Psalm 19:1-6; Genesis 34; Matthew 12:33-45

Psalm 19:1-6  As Psalm 139’s celebration of creation (“you knit me in my mother’s womb”) appeals to the physiologists in the crowd (you know who they are, Dennis), this psalm speaks to astrophysicists as it looks up: “The heavens tell God’s glory,/ and His handiwork the shy declares.”  The diurnal cycle is celebrated and “Day to day breathes utterance/ and night to night pronounces knowledge.”  At first blush the psalmist seems to contradict himself in the next verse when he says, “there is no utterance and their are no words,/ their voice is never heard.”  But the point is that the day and night both “speak” without words, but nonetheless clearly communicate the glory, richness and depth of God’s creation.  Spoken words are superfluous; this is communication beyond speech.

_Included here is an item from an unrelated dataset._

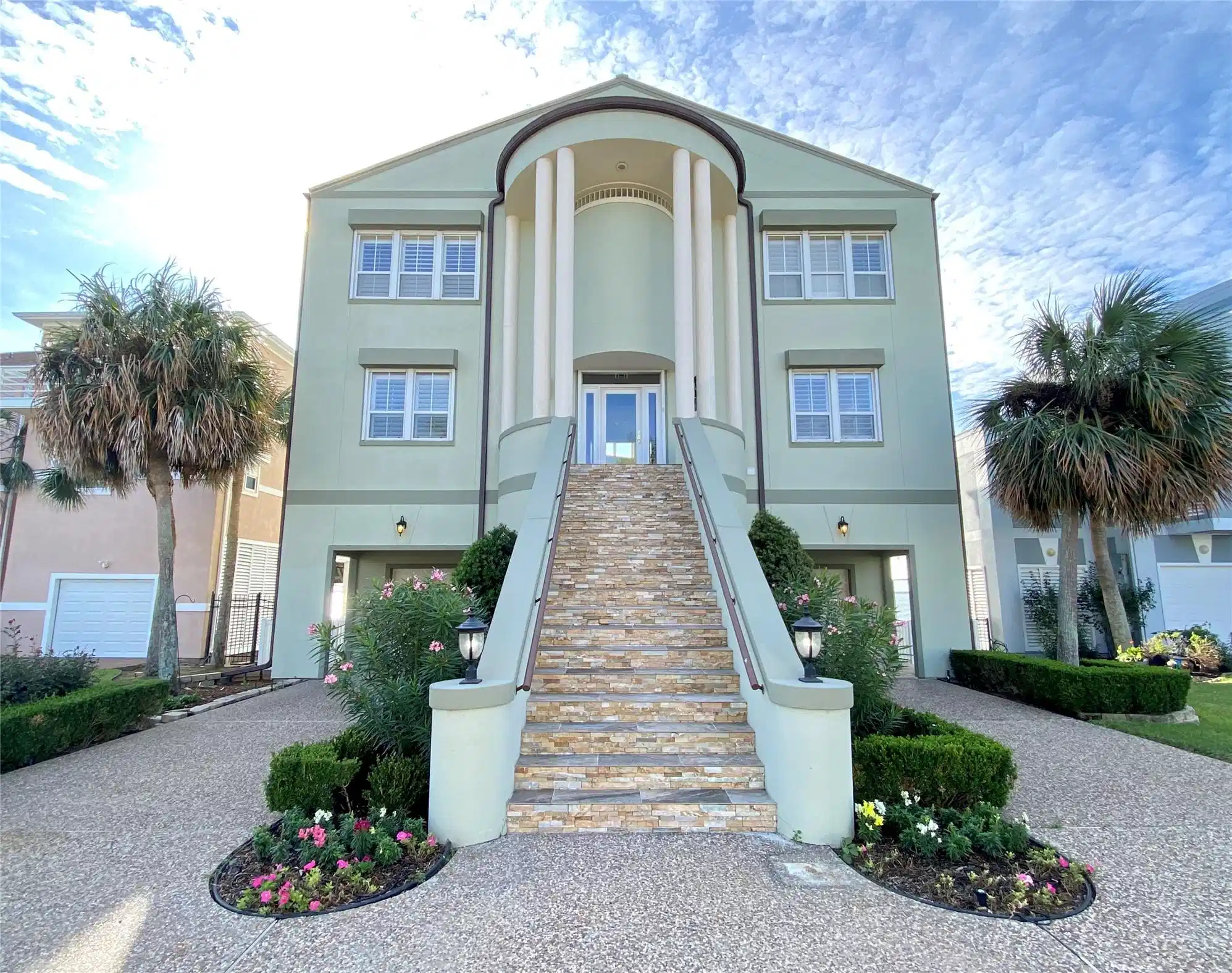 Image 1: This grand entrance will lead you through to incre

The poet sets up a striking metaphor of dawn, as the sun, resting in its “tent” and then “he like a groom from his canopy comes.”  And then with great energy the groom becomes “like a warrior running his course” across the sky.  Just before writing this morning, I was out behind my house photographing the fairly spectacular sunrise and the image of a tent is perfect: The sky was covered with a thin layer of clouds, which gradually turned from orange to pink to yellow–exactly as if the sun were in its tent and coming nearer the entrance, its light illuminating the tent’s think walls–here, the cloud cover.  This gift of God’s creation, which is so easy to miss amidst our ceaseless busyness. I am really looking forward to being out in creation over the next several days!

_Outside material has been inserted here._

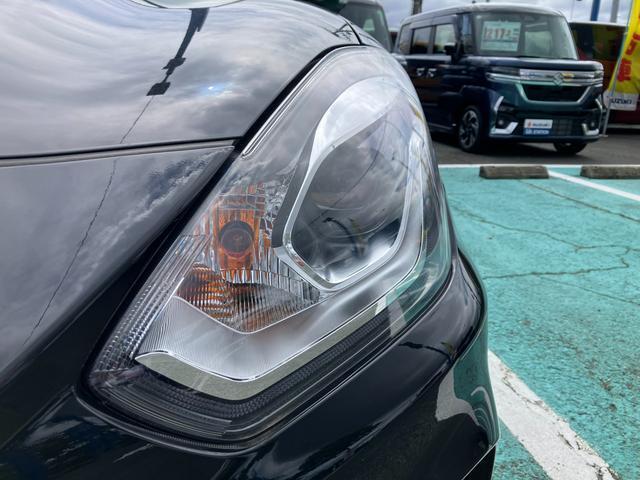 スズキ車は障害物センサーや衝突軽減ブレーキなどの安全装備も充実！運転が苦手な方でも安心して楽しくドライブができます。※車両によって装備内容が異なります。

Genesis 34  Well, we never covered the story of Dinah and Shechem in Sunday School.  There is some complicated family dynamics here.  Shechem rapes Dinah and then falls madly in love with her. Jacob’s sons hear and “they were very incensed, for he [Shechem] had done a scurrilous thing in Israel by lying with Jacob’s daughter.” (34:7)  Shechem’s father tries to ignore the rape and emphasize the positive, saying, “Pray, give her him as wife,” (34:8) and then expands into a full blown offer of just about anything, “I will give what you say to me.”(34:12)  Interestingly, Jacob remains silent, but his sons take over the negotiation (more negotiation!) and say they will agree only if Shechem is circumcised. (Ouch.)  Which Shechem does.  But Simeon and Levi still  avenge their sister’s honor by killing Hamor and Shechem and retrieving Dinah. Only now does Jacob speak, “You have stirred up trouble for me.”  But the sons reply only “Like a whore should our sister be treated?” (34:31)–and the story ends on this unresolved note.

This is one of the more morally ambiguous stories in the Bible, with both sides acting wrongly and deceitfully.  And the author does not neatly straighten things out at the end.  Two things we can take away, I think: Jacob’s silence through all this, and his failure to be an honest broker allows the sons to become the dominant power in the family–and we will see the fruits of Jacob abandoning his leadership position shortly. And of course, we see the tainted fruit of honor killings in the Middle east to this very day.

Second, this is life as it is actually lived–and one more mark of the incredible authenticity of the Bible: wrongs are committed by all parties and there is no neat resolution–just as in real life.  I also think that this story begins to set the stage for why the Law becomes necessary: It is God alone who can restore order.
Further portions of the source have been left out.